Maître Frédéric CHHUM est l'avocat du salarié, ingénieur du son, intermittent du spectacle.

Dans un jugement du Conseil de Prud'hommes de Boulogne-Billancourt du 11 juillet 2013, un ingénieur du son, intermittent du spectacle de LA FRANÇAISE D'IMAGES a obtenu la requalification de ses 1.100 CDD successifs en CDI.

Monsieur X avait débuté sa collaboration avec LA FRANÇAISE D'IMAGES en qualité d'Assistant Son en CDI, à compter de janvier 1996.

Il est ensuite parti à l'armé de mars 1997 au 31 janvier 1998. A son retour du service militaire, il a été réintégré sous CDD d'usage, à compter de février 1998.

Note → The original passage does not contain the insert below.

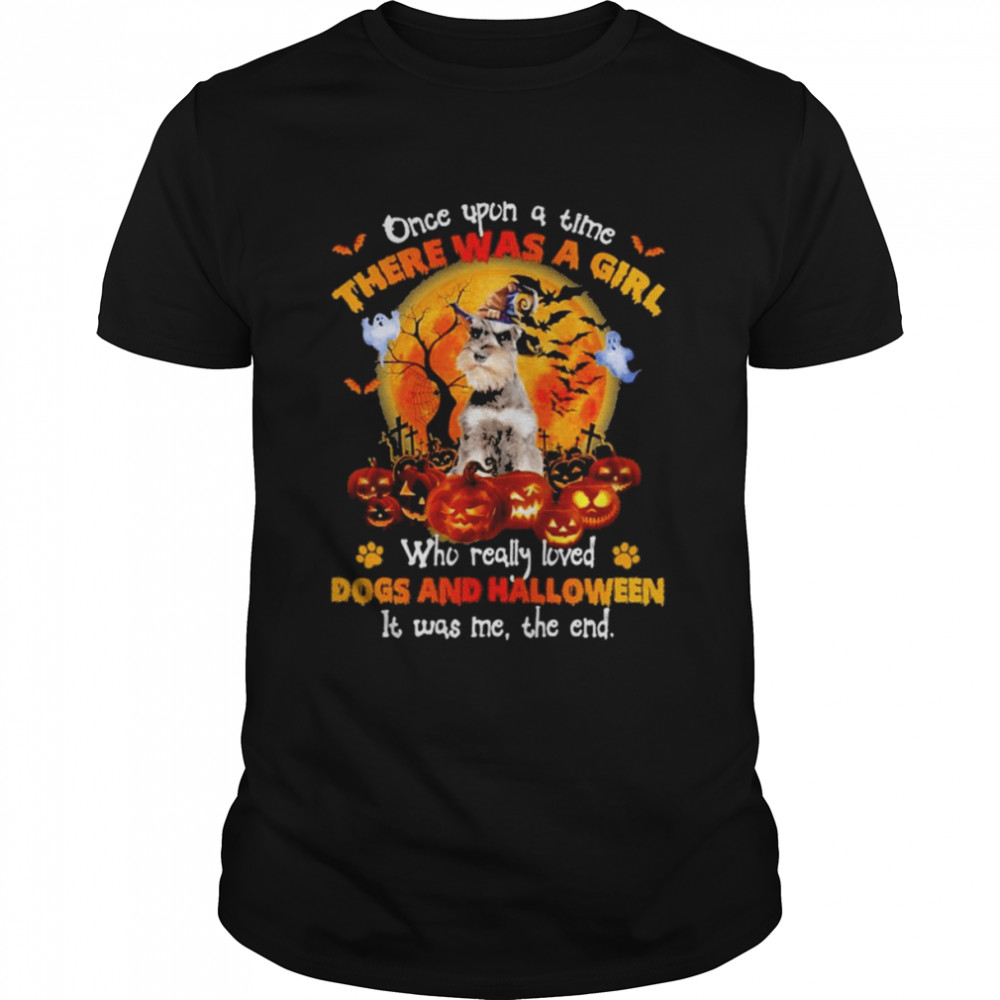 Grey Miniature Schnauzer once upon a time there was a Girl who really loved Dogs and Halloween it was me the end shirt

Entre 1998 et 2013, il a été employé dans le cadre de plus de 1.100 CDD d'usage. Il travaillait en moyenne 70 jours par an.

En février 2013, il a saisi le Conseil de prud'hommes de Boulogne Billancourt en requalification de ses CDD à temps partiel en CDI à temps plein. Il réclamait également la résiliation judiciaire de son contrat de travail.

Dans un jugement du 11 juillet 2013, le salarié a obtenu la requalification de ses CDD à temps partiel en CDI ainsi qu'une indemnité de requalification. Le salarié réclamait également la résiliation de son contrat de travail ; toutefois, le Conseil de prud'hommes n'a pas fait droit à sa demande.

Les parties disposent d'un délai d'un mois pour faire appel du jugement, à compter de sa notification.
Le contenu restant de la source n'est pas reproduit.